Durban Pride 2016
A KwaZulu-Natal lesbian couple have claimed that they were thrown out of their community by the local induna for being “possessed”.
Nonkululeko and Nokuthula Mthembu told News24 that they had moved into a home in KwaNgcolosi, outside of Durban, three months ago.
The women claimed that after community leader Induna Mlethwa Ndlela discovered they were married and not sisters, he and his family earlier this month attacked them while they were sleeping.
“They came here and accused us of selling drugs, said that we were possessed with Satanism and that we were going to bring the spirit of homosexuality in the community,” Nonkululeko said.
She added: “He said this was because gay couples were not allowed in the area. His wife told us she was disgusted that we had the guts to go around telling the world that we had been married for three years”
The women said that they were forced to flee their home. “We have been living in lodges and hotels because we are afraid to go back there.”
While Induna Ndlela refused to comment, KwaNgcolosi chief Inkosi Nkosinathi Bhengu told News24 that the women’s sexuality was not the reason they were unwelcome. He said that it had been decided two years earlier that people who are not part of the KwaNgcolosi clan would not be allowed into the community.
“Why would we judge someone based on their sexuality? The issue here is not about sexuality, it is about land,” said Bhengu.
KwaZulu-Natal is known as one of the country’s most culturally conservative regions.

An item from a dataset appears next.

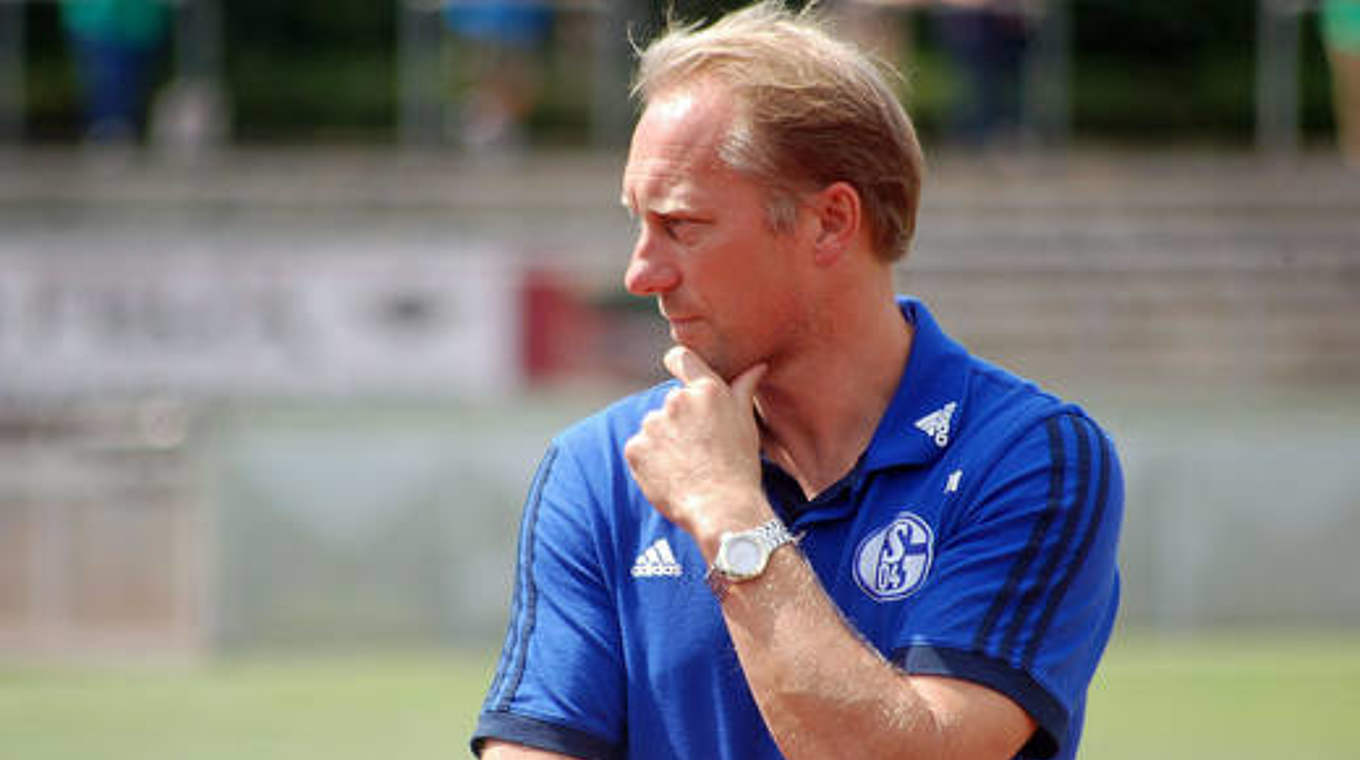 Bisher sieglos: Trainer Luginger will mit Schalke den Fehlstart vermeiden  © mspw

Zulu King Goodwill Zwelithini was accused of making anti-gay statements in 2012, including proclaiming that homosexuality is “wrong”, “not acceptable” and “un-Zulu”.

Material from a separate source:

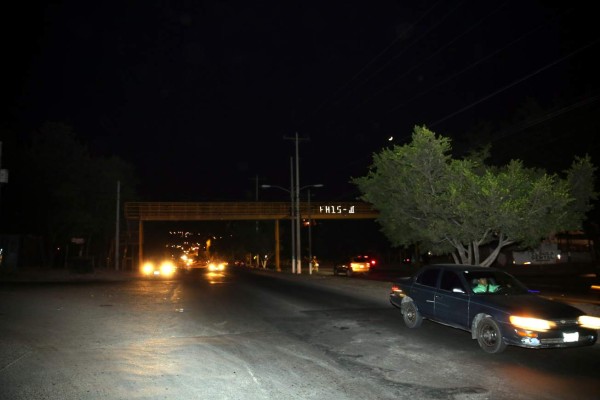 Daños del alumbrado público mantiene a oscuras la capital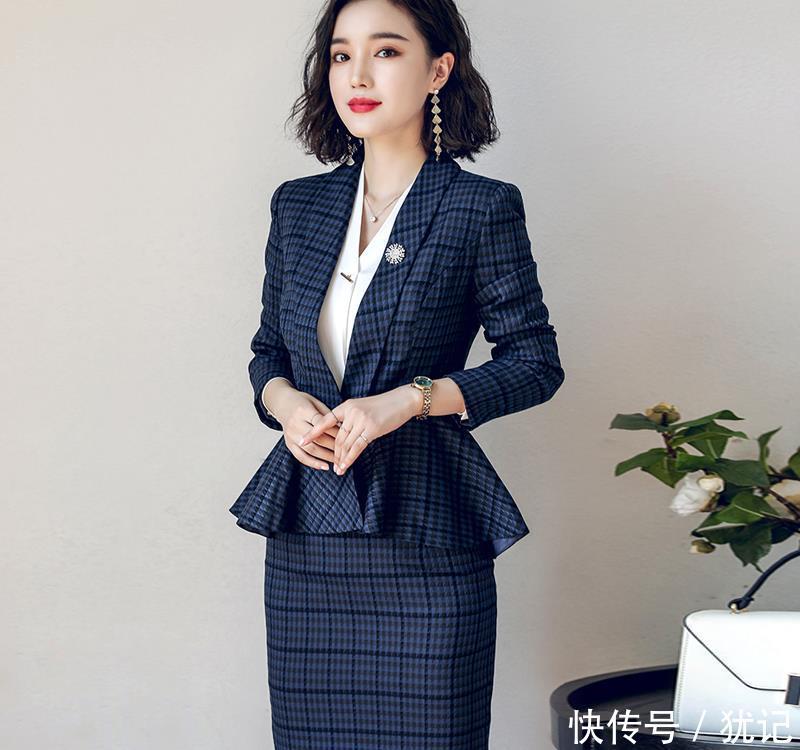  【艾尚臣职业】街拍，才发现人都穿这衬衫，迷人又洋气，妥妥少女感又不失女人味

In 2013, the Zulu Royal House reacted to a same-sex traditional-style wedding held in the town of Stanger, a historic location for the Zulu people, by stating that “homosexuality is not holy”.
To his credit, KwaZulu-Natal Chairperson of the House of Traditional Leaders Inkosi Phathizwe Chiliza condemned the claims of discrimination against the couple as unconstitutional.
“Even if it goes against your beliefs, you have no right to infringe upon other people’s rights. You have no right to judge others because that is the way they were created,” he said.
He urged the couple to pursue the matter in the local traditional court.